** EXERCISE INPUTS follows **

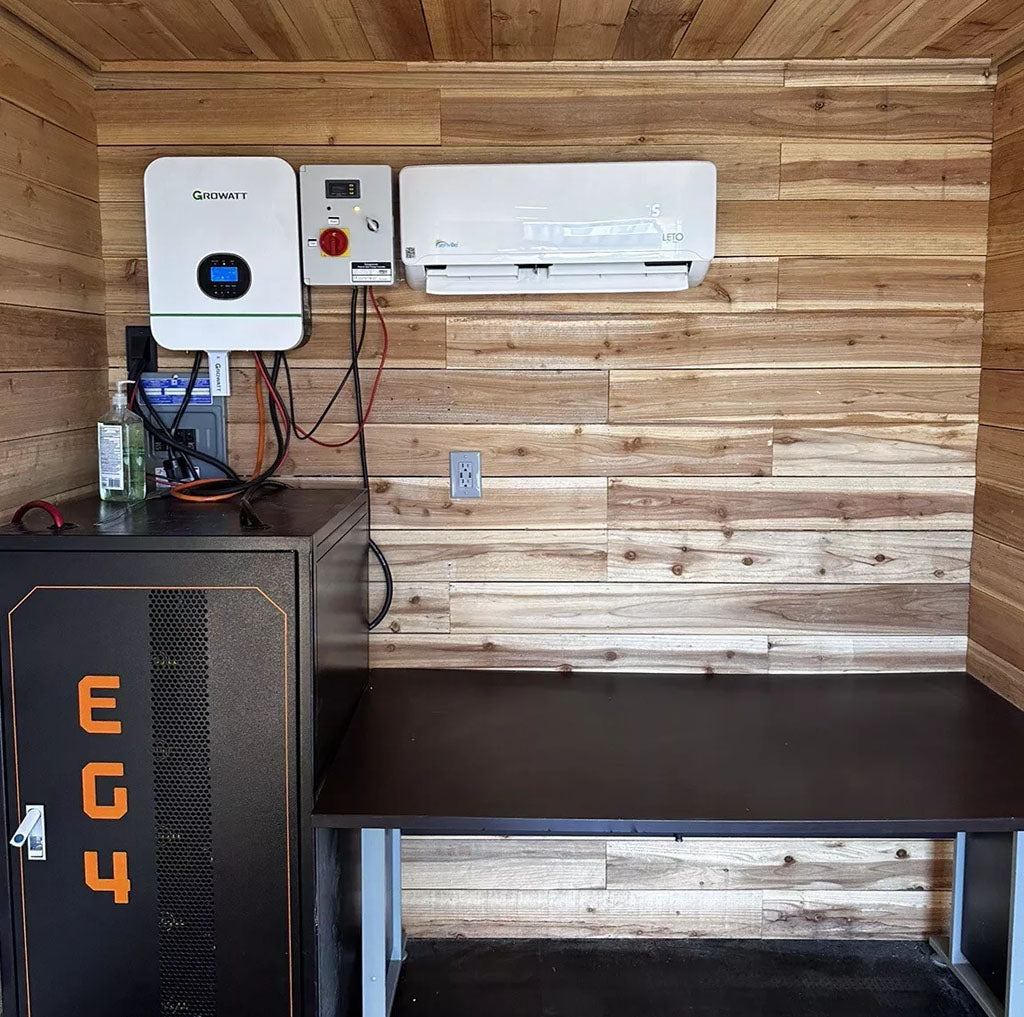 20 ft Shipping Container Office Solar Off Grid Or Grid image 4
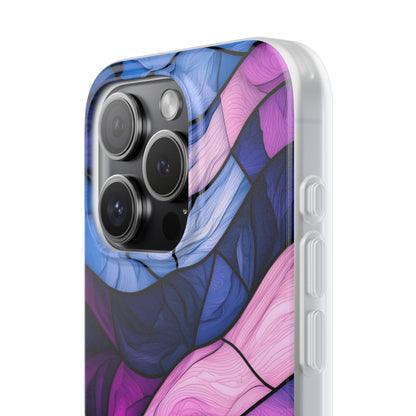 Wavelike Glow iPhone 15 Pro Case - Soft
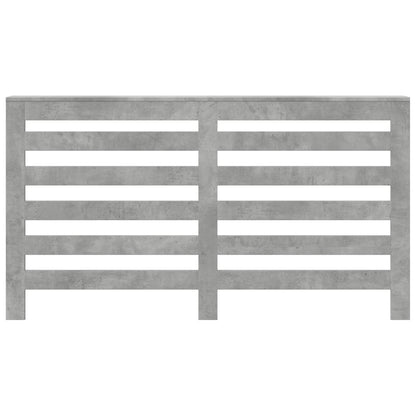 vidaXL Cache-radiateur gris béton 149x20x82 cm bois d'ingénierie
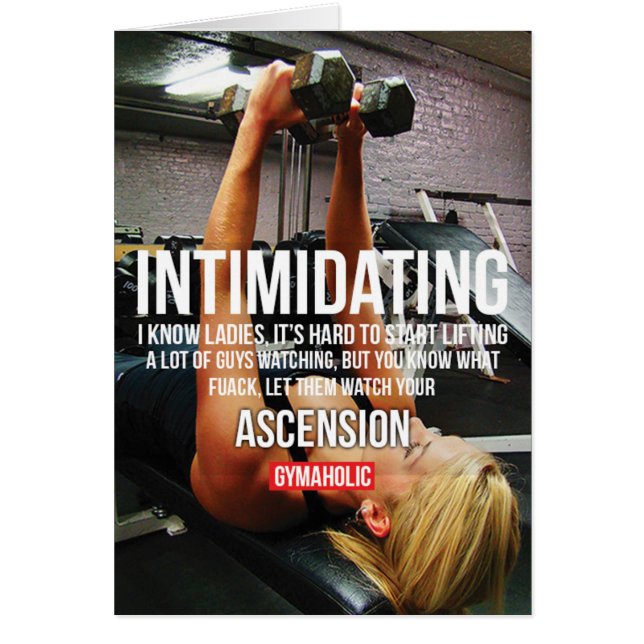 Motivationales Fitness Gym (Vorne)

** End of EXERCISE INPUTS **
** EXERCISE INPUTS follows **

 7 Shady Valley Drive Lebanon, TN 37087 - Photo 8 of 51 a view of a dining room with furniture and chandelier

** End of EXERCISE INPUTS **
** EXERCISE INPUTS follows **

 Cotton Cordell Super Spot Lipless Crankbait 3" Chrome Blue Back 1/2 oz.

** End of EXERCISE INPUTS **

#### WHAT IS REQUIRED
Print, exactly, each line above from the one with "20 ft Shipping" to the one with "Motivationales Fitness Gym (Vorne)", end lines included. Leave pictures out of it.

#### RESPONSE TO THIS TASK
 20 ft Shipping Container Office Solar Off Grid Or Grid image 4
 Wavelike Glow iPhone 15 Pro Case - Soft
 vidaXL Cache-radiateur gris béton 149x20x82 cm bois d'ingénierie
 Motivationales Fitness Gym (Vorne)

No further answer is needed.